Goal of the exercise. Set the records down again exactly, apart from any pictures in them.

(Records to use Opens)

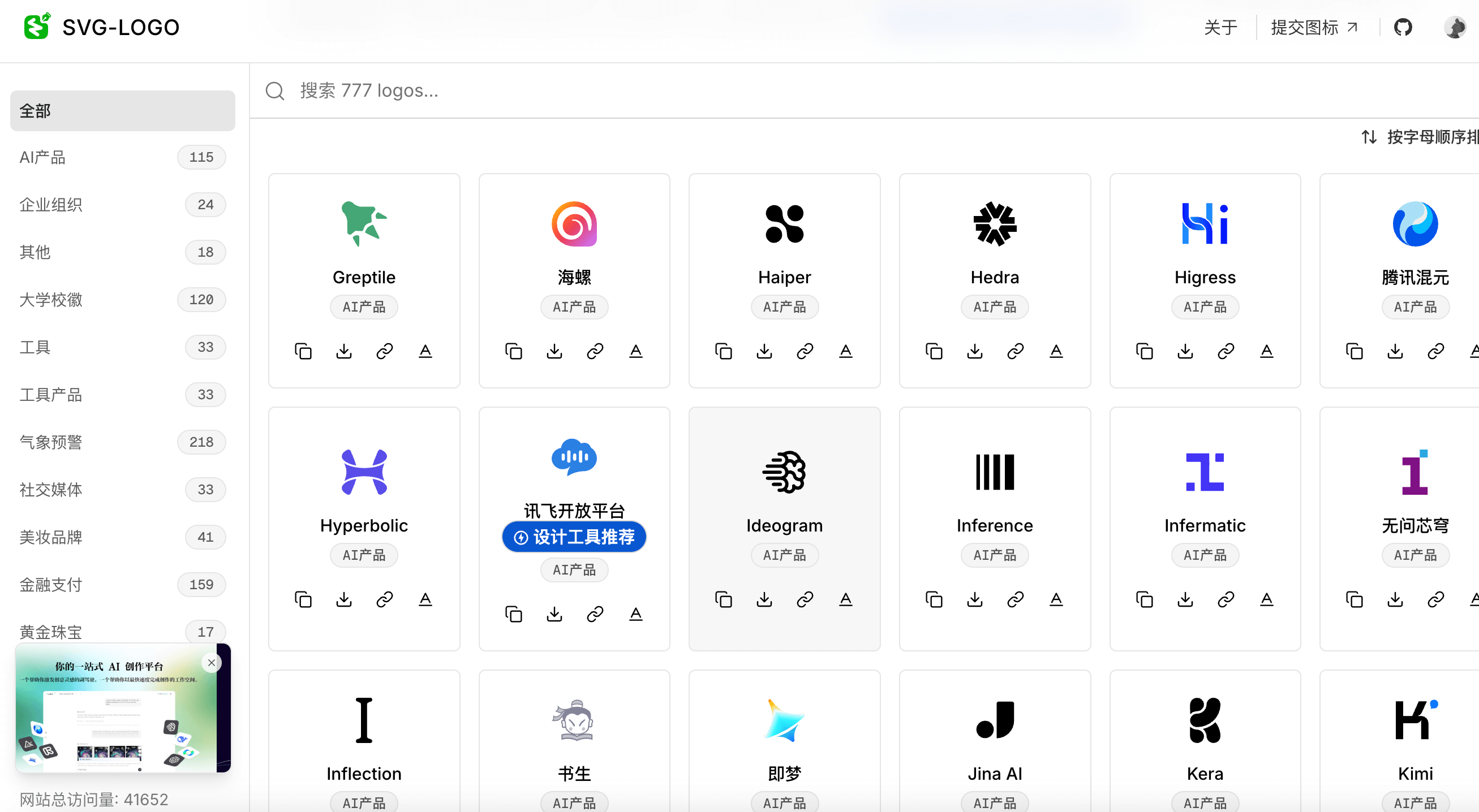 矢量图素材网站SVG-LOGO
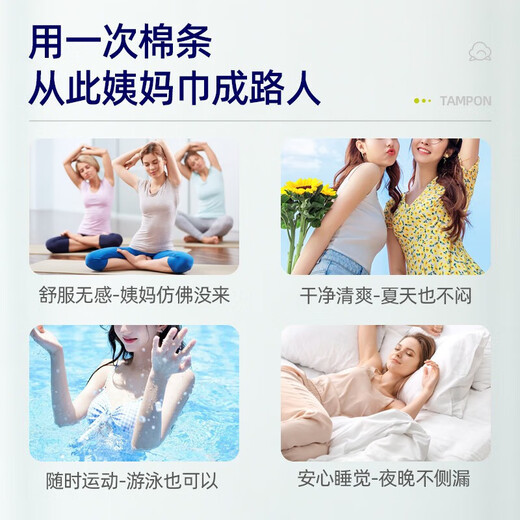 丹碧丝（TAMPAX）卫生棉条导管式 游泳姨妈巾 棉棒96支 大流量无香型 加拿大进口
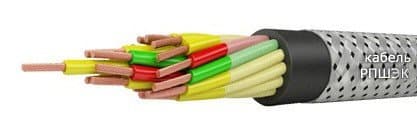 Кабели РПШЭк 14х0,5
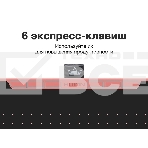 Графический планшет Huion Inspiroy RTS-300 розовый, фото9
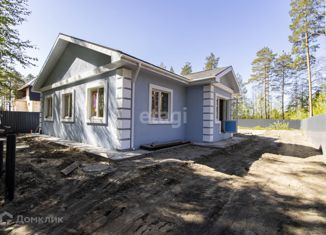 Продается дом, 112 м2, посёлок городского типа Боровский, Вокзальная улица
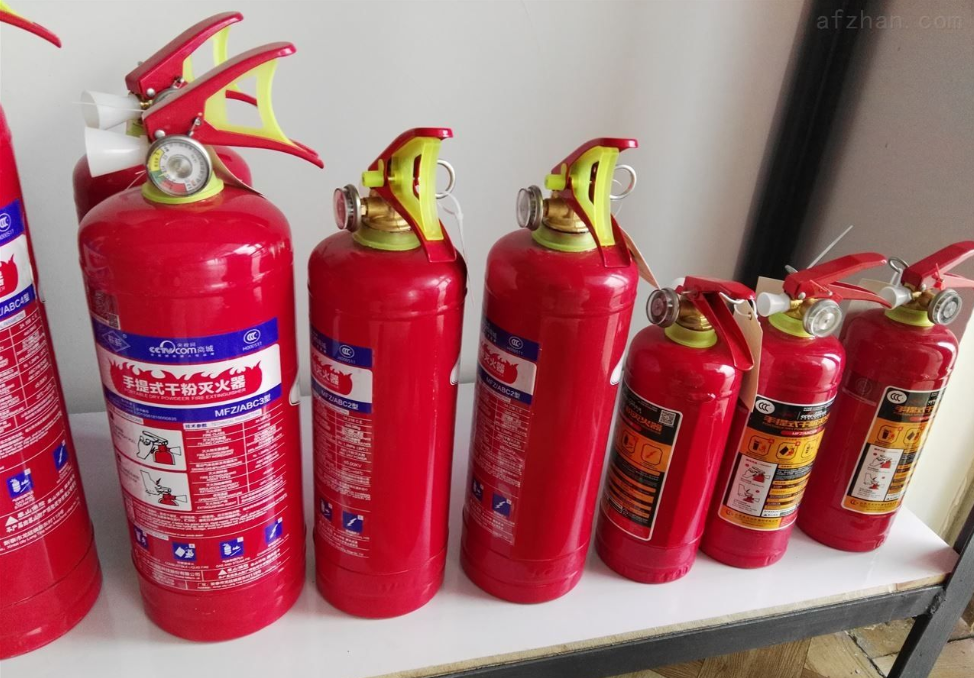 消防滅火器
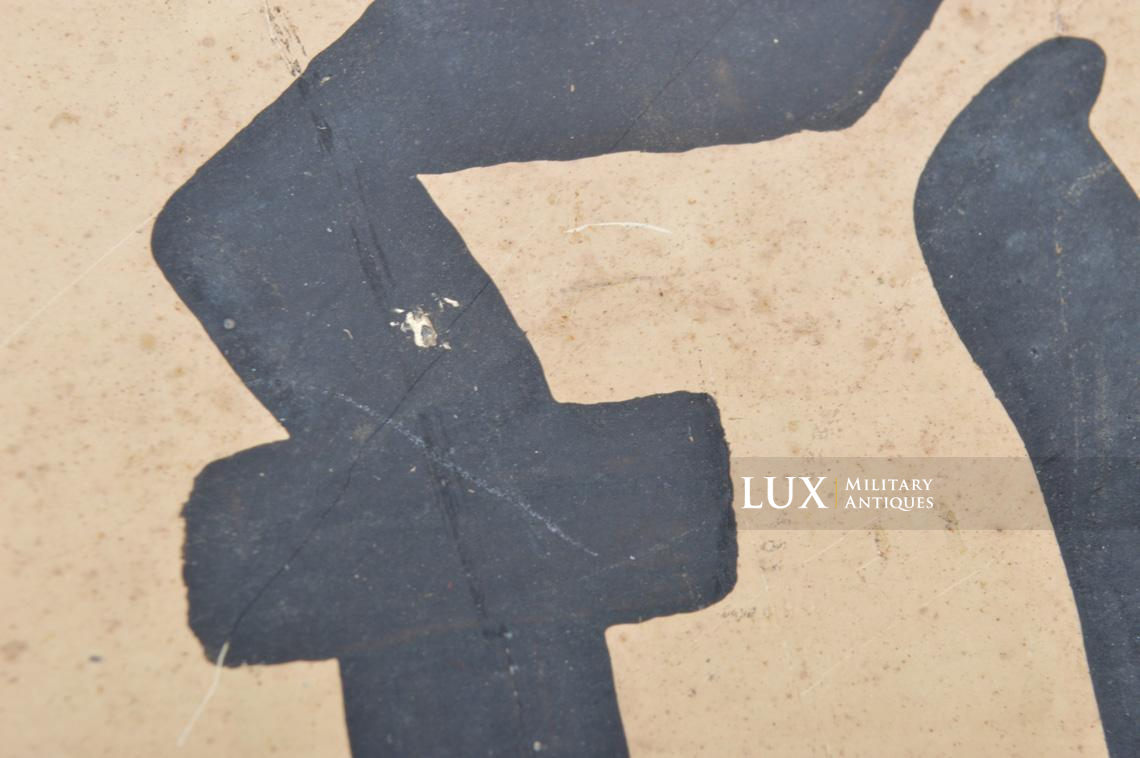 Luftwaffe specialty Aviation Investigation Center sign, « Flieger Untersuchungs-stelle 16/XI » - photo 29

(Records to use Closes)

Result below.
 矢量图素材网站SVG-LOGO
 丹碧丝（TAMPAX）卫生棉条导管式 游泳姨妈巾 棉棒96支 大流量无香型 加拿大进口
 Кабели РПШЭк 14х0,5
 Графический планшет Huion Inspiroy RTS-300 розовый, фото9
 Продается дом, 112 м2, посёлок городского типа Боровский, Вокзальная улица
 消防滅火器
 Luftwaffe specialty Aviation Investigation Center sign, « Flieger Untersuchungs-stelle 16/XI » - photo 29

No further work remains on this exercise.